» **Provided data**:
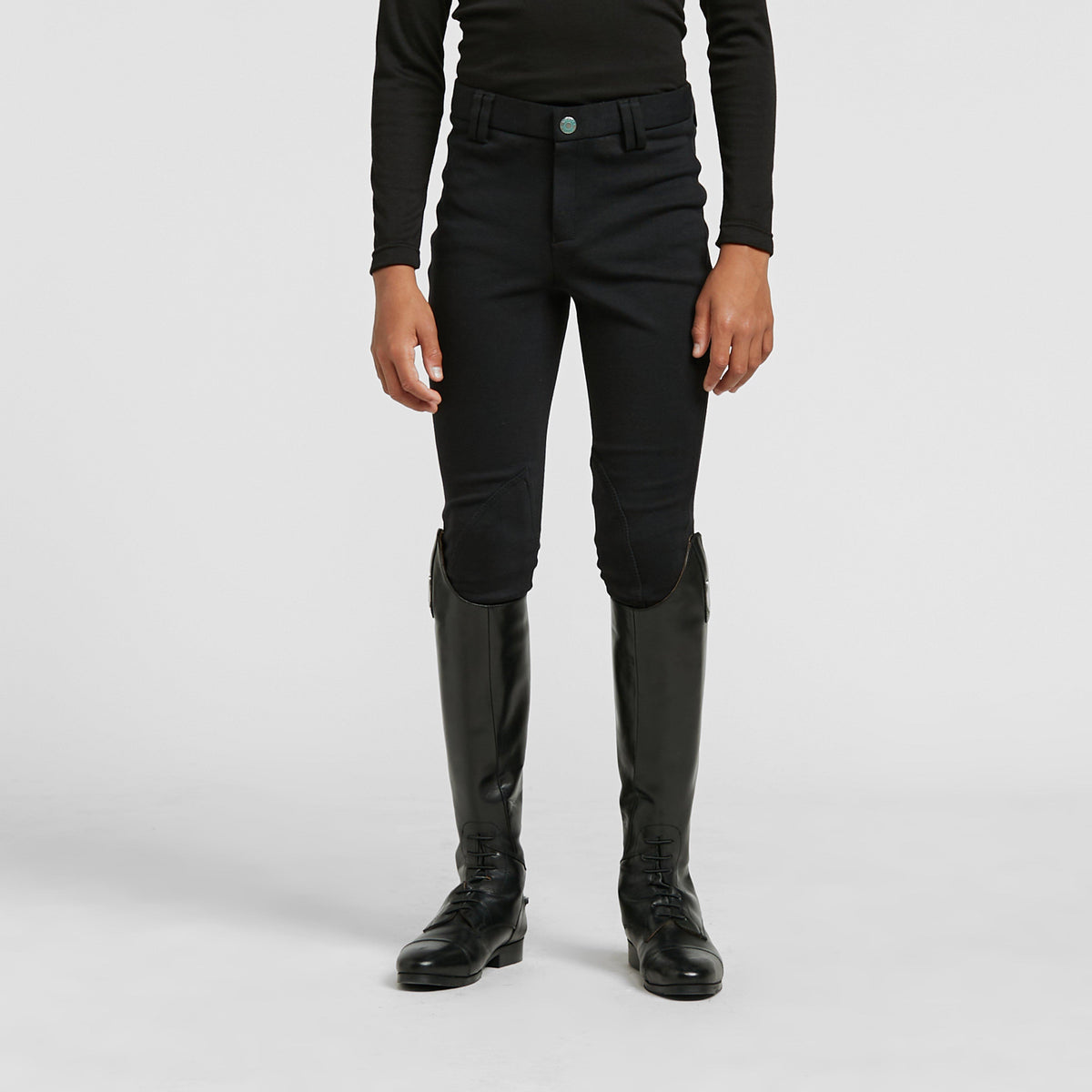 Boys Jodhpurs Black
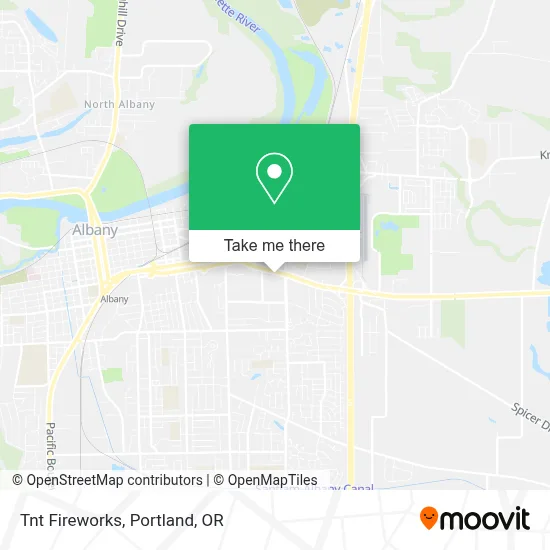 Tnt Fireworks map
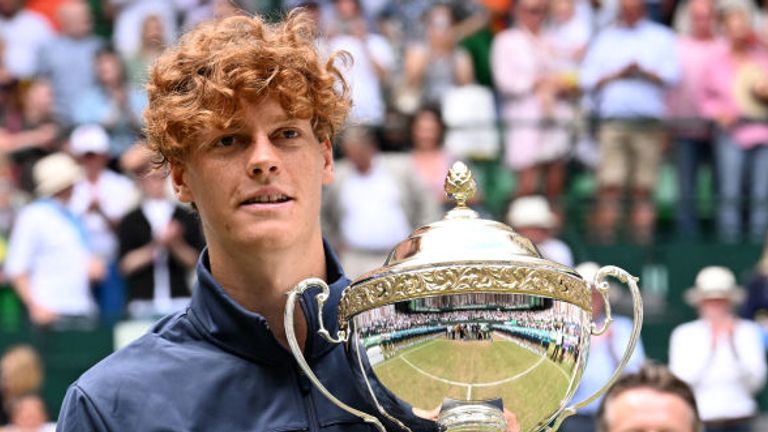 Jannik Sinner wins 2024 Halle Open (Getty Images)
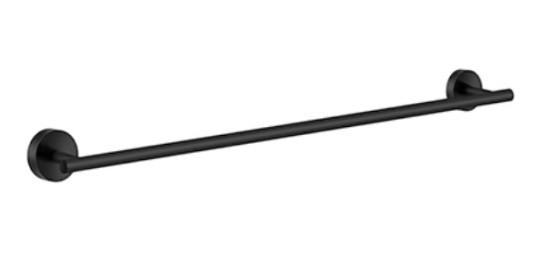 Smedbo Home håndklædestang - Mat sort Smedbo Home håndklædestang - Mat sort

» **Task details**: For this exercise, output only the lines from the one bearing "Tnt Fireworks map" to the end of the material above, exactly as written, with pictures left out.

» **Answer space**:
 Tnt Fireworks map
 Jannik Sinner wins 2024 Halle Open (Getty Images)
 Smedbo Home håndklædestang - Mat sort Smedbo Home håndklædestang - Mat sort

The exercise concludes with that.